- Date: 14–20 March
- Edition: 1st
- Surface: Clay
- Location: Concepción, Chile

Champions

Singles
- Tomás Martín Etcheverry

Doubles
- Andrea Collarini / Renzo Olivo
| Challenger del Biobío |

= 2022 Challenger del Biobío =

The 2022 Challenger del Biobío was a professional tennis tournament played on clay courts. It was the first edition of the tournament which was part of the 2022 ATP Challenger Tour.

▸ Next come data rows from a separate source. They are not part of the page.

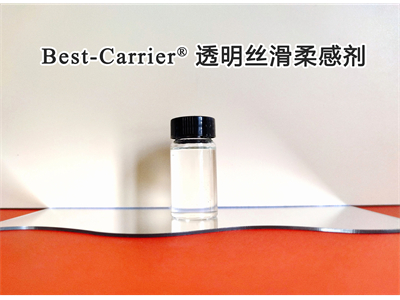 Best-Carrier® 透明丝滑
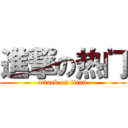 進撃の热门 (attack on titan)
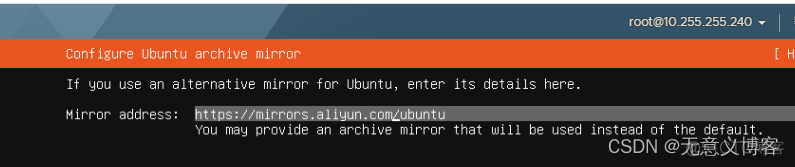 ubuntu2204安装springboot ubuntu2204安装分区_ubuntu_16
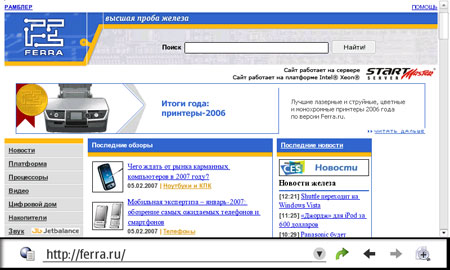 Ferra.ru  Nokia N800 2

It took place in Concepción, Chile between 14 and 20 March 2022.

==Singles main draw entrants==
===Seeds===

| Country | Player | Rank^{1} | Seed |
|---|---|---|---|
| BOL | Hugo Dellien | 101 | 1 |
| PER | Juan Pablo Varillas | 117 | 2 |
| ARG | Tomás Martín Etcheverry | 123 | 3 |
| CHI | Nicolás Jarry | 142 | 4 |
| CHI | Tomás Barrios Vera | 145 | 5 |
| CZE | Vít Kopřiva | 165 | 6 |
| ARG | Camilo Ugo Carabelli | 175 | 7 |
| ARG | Facundo Mena | 183 | 8 |

- ^{1} Rankings are as of 7 March 2022.

===Other entrants===
The following players received wildcards into the singles main draw:
- PER Gonzalo Bueno
- CHI Diego Fernández Flores
- CHI Daniel Antonio Núñez

The following players received entry into the singles main draw as alternates:
- FRA Evan Furness
- GBR Paul Jubb
- ARG Genaro Alberto Olivieri

The following players received entry from the qualifying draw:
- ARG Hernán Casanova
- FRA Corentin Denolly
- BRA Daniel Dutra da Silva
- ARG Facundo Juárez
- ARG Juan Bautista Torres
- ARG Gonzalo Villanueva

==Champions==
===Singles===

- ARG Tomás Martín Etcheverry def. BOL Hugo Dellien 6–3, 6–2.

===Doubles===

- ARG Andrea Collarini / ARG Renzo Olivo def. ECU Diego Hidalgo / COL Cristian Rodríguez 6–4, 6–4.